August 25, 1955—At a poolside meeting in Beverly Hills on his 37th birthday, Leonard Bernstein (in the image accompanying this post) and creative partners Jerome Robbins and Arthur Laurents shelved their previous idea for a modern musical version of Romeo and Juliet—a clash of Catholics and Jews—in favor of a different set of characters: Anglos and Mexicans in Los Angeles. 

The switch was a pivotal transition point along the way to the violent “rumble” between native Anglo and immigrant Puerto Rican gangs that formed the crux of the landmark musical West Side Story.

Before the musical opened on Broadway in September 1957, it spent eight years being brought to life. In January 1949, director-choreographer Robbins proposed, as Bernstein noted in his diary, “a noble idea—a modern version of Romeo and Juliet set in slums at the coincidence of Easter-Passover celebrations….It all fits…but can it succeed?” 

Several years later, by their own admission, the answer was no. Librettist Laurents identified the problem eventually: the premise for what was then called East Side Story was simply a rehash of the 1920s comedy Abie’s Irish Rose, except without the laughs. 

(Two decades later, TV was more shameless about reworking an old idea, bringing to life Bridget Loves Bernie, with eventual husband-and-wife Meredith Baxter and David Birney.) 

So here Bernstein and Laurents were, soaking up the sun, when the composer suggested: “What about doing it about the Chicanos?” (That very day, in fact, the Los Angeles Times had a headline about gang warfare.) Excited, the two men called Robbins, who agreed. 
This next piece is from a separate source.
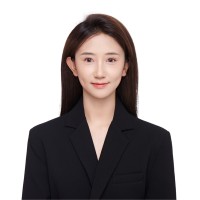 Yuchen Ge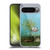 Simone Gatterwe Animals Summer Feelings Soft Gel Case for Google Pixel 9 Pro XL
Before long, the concept did a transcontinental flip, partly because Laurents felt more comfortable with New York-based Hispanics than those in California, so that now it was about Anglos and Puerto Ricans on the West Side of Manhattan. 

Running like a thread through the whole thing, from start to finish, was the idea Bernstein had scrawled on the title page of his annotated copy of Romeo and Juliet in the early going: “An out and out plea for racial tolerance.” 
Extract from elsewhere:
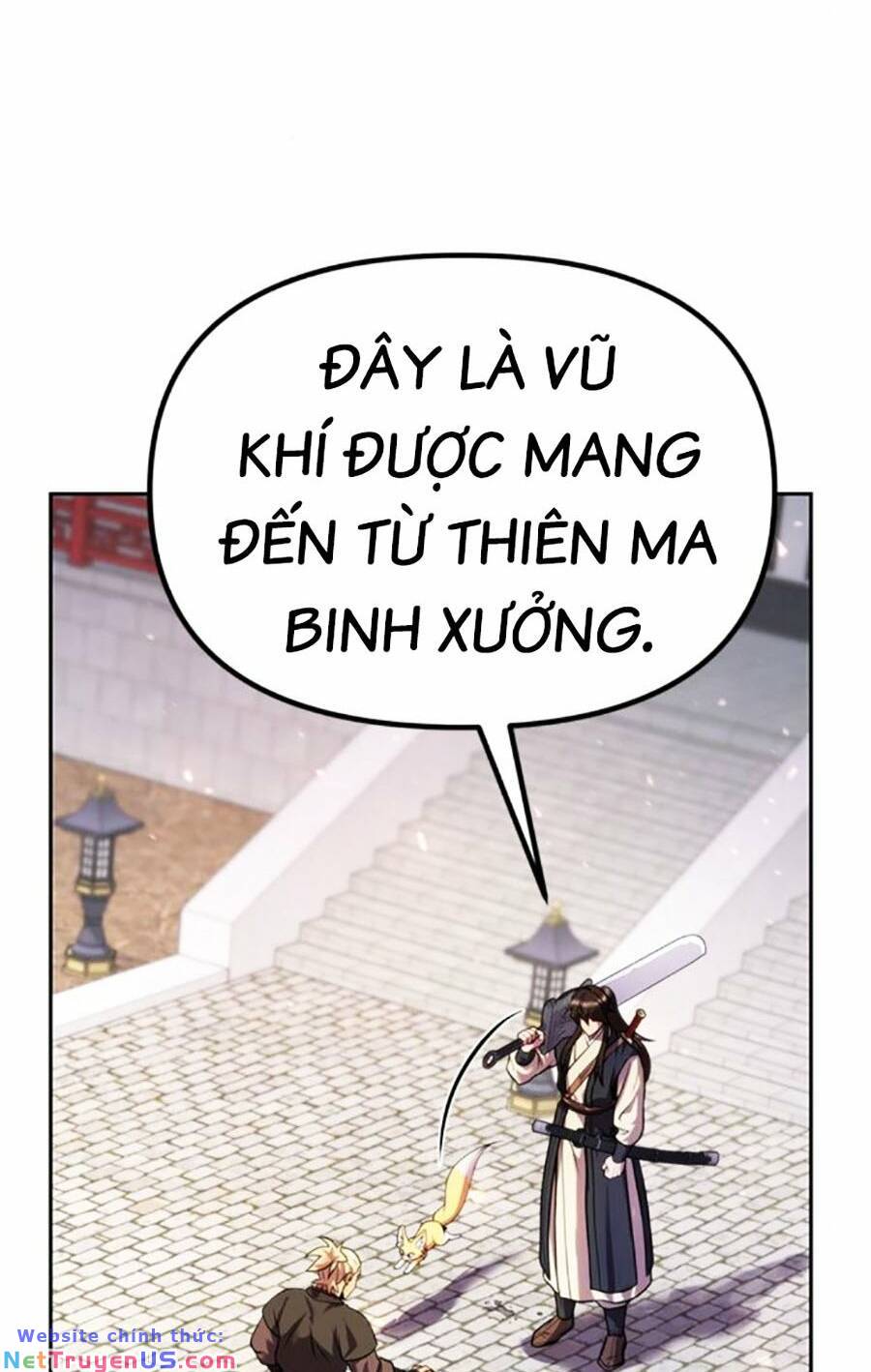 Chapter 45 trang 4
Some years ago, I remember hearing longtime New York deejay Vin Scelsa call West Side Story the first rock ‘n’ roll musical—or rather, he quickly qualified it, not so much the first musical with rock ‘n’ roll music but the first musical born of the spirit of rebellion that animates rock ‘n’ roll.

He was onto something: rock ‘n’ rollers did see something of themselves in the great musical tragedy. Todd Rundgren, for instance, did a live version of “Something’s Coming,” and Bruce Springsteen’s “Jungleland” features a teenage clash with inevitable echoes of the musical. 

But more basic to the musical than the idea of the rebel is that of the outsider. If they could move so easily from Jews to Mexicans to Puerto Ricans as the out-group, the quartet that created West Side Story—Bernstein, Laurents, Robbins, and, joining them that fall, the young lyricist Stephen Sondheim—were not just outsiders, but double outsiders.

All four were not just Jews—a group all too painfully aware, from the events of the previous decade, of their precarious nature in the world—but homosexuals. However well-known their sexual orientation might have been to entertainment professionals, it was a more closely guarded secret to the world at large. 

(In fact, Bernstein had married a woman, at least partially in the unsuccessful hope that by doing so he would sublimate his attraction to men.) 

In this context, the most heartfelt song for the quartet might have been “Somewhere.” Sondheim’s plaintive words and Bernstein’s soaring melody summon “a place for us,” where “We’ll find a new way of living/We’ll find there’s a way of forgiving”—a vision they must have felt still elusive in that age.